Even if we were to conclude that Petitioner had invoked our jurisdiction, we discern no grounds for relief. In prison disciplinary proceedings, an inmate is entitled to "advance written notice of the claimed violation[;] a written statement of the factfinders as to the evidence relied upon and the reasons for the disciplinary action taken[;] . . . . [and the ability] to call witnesses and present documentary evidence in his defense when permitting him to do so will not be unduly hazardous to institutional safety or correctional goals." See Feliciano, 250 A.3d at 1275 (citing Wolff v. McDonnell, 418 U.S. 539, 563, 566 (1974)). By his own admission and the exhibits attached to his petition for review, Petitioner was provided with advance written notice of the claimed violation, a statement of the evidence the Department relied upon, and the reasons for the disciplinary action taken. See Pet. for Rev., Exs. A-I. Accordingly, Petitioner cannot claim that the Department violated his procedural due process rights. See Feliciano, 250 A.3d at 1275.
III. CONCLUSION
For the foregoing reasons, we sustain the Department's preliminary objection to this Court's appellate jurisdiction and overrule as stated its objection to our original jurisdiction. Nevertheless, we sua sponte conclude that Petitioner has failed to invoke this Court's original jurisdiction. Accordingly, we dismiss the petition for review with prejudice.
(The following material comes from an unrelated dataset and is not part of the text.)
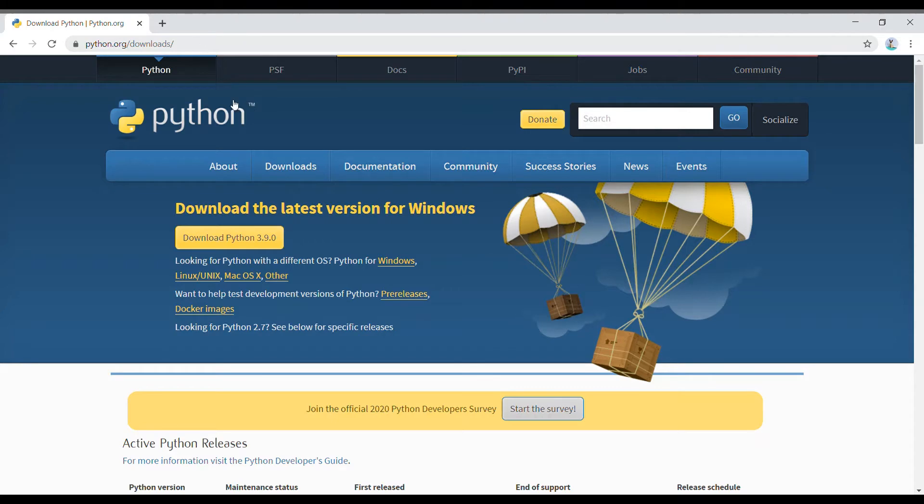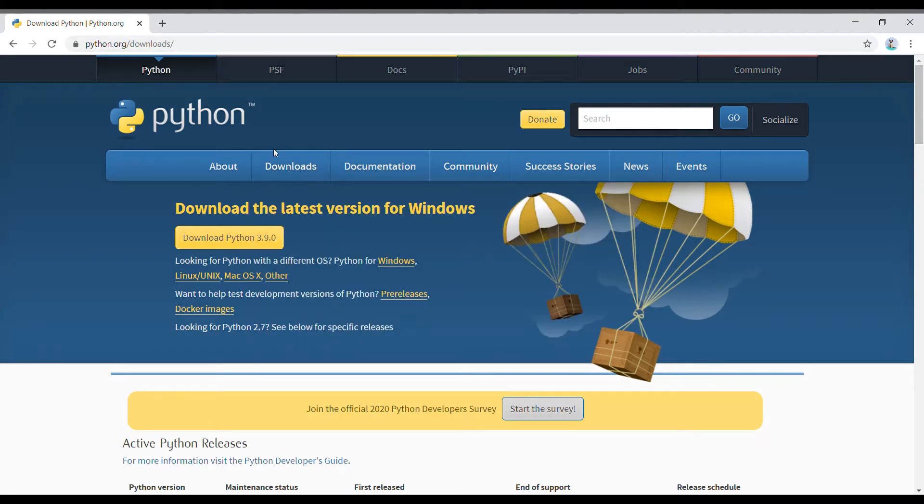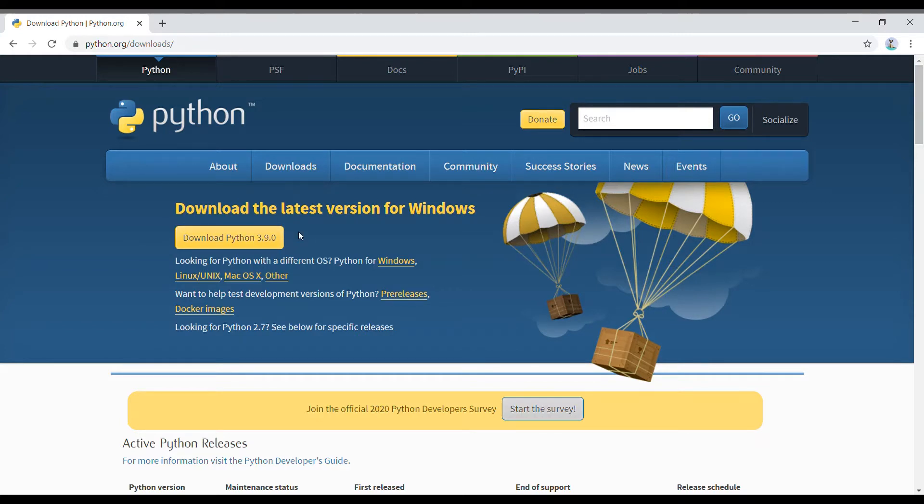In that you will find the download section and click here to download the latest version of Python. This is the latest version, Python 3.9. I am using Windows operating system, so it's automatically giving me the Windows version.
The Feliciano Court recognized that prior precedent considering procedural due process claims was inconsistent. 250 A.3d at 1275-80 (discussing cases). It therefore granted the petitioner therein leave to amend his petition. Id. at 1280. However, following this Court's clear articulation of the components of a viable procedural due process claim, such relief is unwarranted here.
Judge Ceisler dissents.
ORDER
AND NOW, this 2nd day of October, 2023, the Department of Corrections' (Department) preliminary objection to this Court's appellate jurisdiction is SUSTAINED; the Department's preliminary objection to this Court's original jurisdiction is OVERRULED as stated. Nevertheless, the Court concludes sua sponte that Petitioner Justin Coats has failed to invoke this Court's original jurisdiction. Accordingly, the petition for review, filed June 15, 2022, is DISMISSED WITH PREJUDICE.